Sullo stesso tema interviene la Lista Ferri, che annuncia il deposito di una mozione urgente in Consiglio comunale del Comune di Carrara da parte del consigliere Filippo Mirabella. «Sicurezza a Marina di Carrara, la Lista Ferri deposita mozione urgente: “Il Patto per la movida si sta rivelando insufficiente, serve il Controllo di Vicinato d’intesa con la Prefettura come a Lecce e Torino”». Le risse e i fatti avvenuti nel fine settimana a Marina di Carrara vengono indicati dal consigliere come conferma di una criticità già segnalata. «Le risse violente e i fatti di sangue che hanno macchiato lo scorso fine settimana a Marina di Carrara sono la drammatica conferma di ciò che andiamo dicendo da tempo: il ‘Patto per la buona movida’ della sindaca Arrighi si sta rivelando una evidente inadeguatezza – afferma la Lista Ferri -. A nome della Lista Ferri, sarà depositata per il prossimo consiglio comunale una mozione urgente per cambiare radicalmente strategia sulla sicurezza».

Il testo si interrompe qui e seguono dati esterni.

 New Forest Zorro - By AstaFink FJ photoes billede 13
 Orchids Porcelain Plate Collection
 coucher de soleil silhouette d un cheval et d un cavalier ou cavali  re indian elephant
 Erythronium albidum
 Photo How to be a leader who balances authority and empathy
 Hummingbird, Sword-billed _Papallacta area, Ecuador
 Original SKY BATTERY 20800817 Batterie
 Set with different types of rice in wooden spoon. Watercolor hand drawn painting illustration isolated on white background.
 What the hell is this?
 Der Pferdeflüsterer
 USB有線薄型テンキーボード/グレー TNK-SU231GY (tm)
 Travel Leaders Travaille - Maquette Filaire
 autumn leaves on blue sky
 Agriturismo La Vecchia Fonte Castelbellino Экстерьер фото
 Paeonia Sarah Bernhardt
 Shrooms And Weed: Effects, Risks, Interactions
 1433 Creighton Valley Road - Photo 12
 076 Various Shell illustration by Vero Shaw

Nel testo viene richiamata anche una precedente proposta sul controllo di vicinato. «In passato avevamo già proposto il Controllo di Vicinato per contrastare furti e microcriminalità, ma la maggioranza con a capo il Pd decise inspiegabilmente di votare contro, lasciando i cittadini soli. Oggi la situazione è precipitata e non possiamo più aspettare i tempi della burocrazia o affidarci a protocolli della Arrighi che non stanno producendo risultati concreti». La mozione propone un protocollo con la Prefettura di Massa-Carrara e l’introduzione di modelli di sicurezza partecipata. «La mozione impegna il sindaco e la Giunta ad attivarsi immediatamente presso la Prefettura di Massa-Carrara per siglare un protocollo d’intesa ufficiale, portando a Carrara modelli di sicurezza partecipata che in Italia hanno già fatto scuola». Tra gli esempi citati figurano progetti e sperimentazioni in altre città italiane. «Non ci stiamo inventando nulla: parliamo di progetti pilota di grande successo come ‘MovidaMENTE’ a Lecce, nato dalla sinergia tra Prefettura e Comune, o i presidi dei residenti a Torino nei quartieri San Salvario e Vanchiglia, fino ai protocolli diffusi dell’Emilia-Romagna».

Il piano prevede inoltre il coinvolgimento di residenti e commercianti, sistemi di segnalazione e nuove misure di controllo sul territorio. «Il piano proposto prevede il coinvolgimento attivo di residenti e commercianti attraverso reti di allerta rapida, segnalazioni qualificate per bloccare le risse sul nascere e il monitoraggio visivo dei parcheggi e delle zone buie nelle ore di deflusso. Chiediamo impegni concreti e misurabili: un protocollo formale con il prefetto, lo stanziamento di fondi a bilancio per la cartellonistica, nuove telecamere collegate alla questura e un incontro pubblico a Marina entro 15 giorni per far partire la rete dei volontari». La chiusura del capogruppo Filippo Mirabella richiama la necessità di un intervento politico immediato. «Davanti al sangue in strada, la politica deve assumersi le proprie responsabilità e votare sì per il bene della nostra comunità» – conclude Filippo Mirabella, capogruppo consiliare Lista Ferri.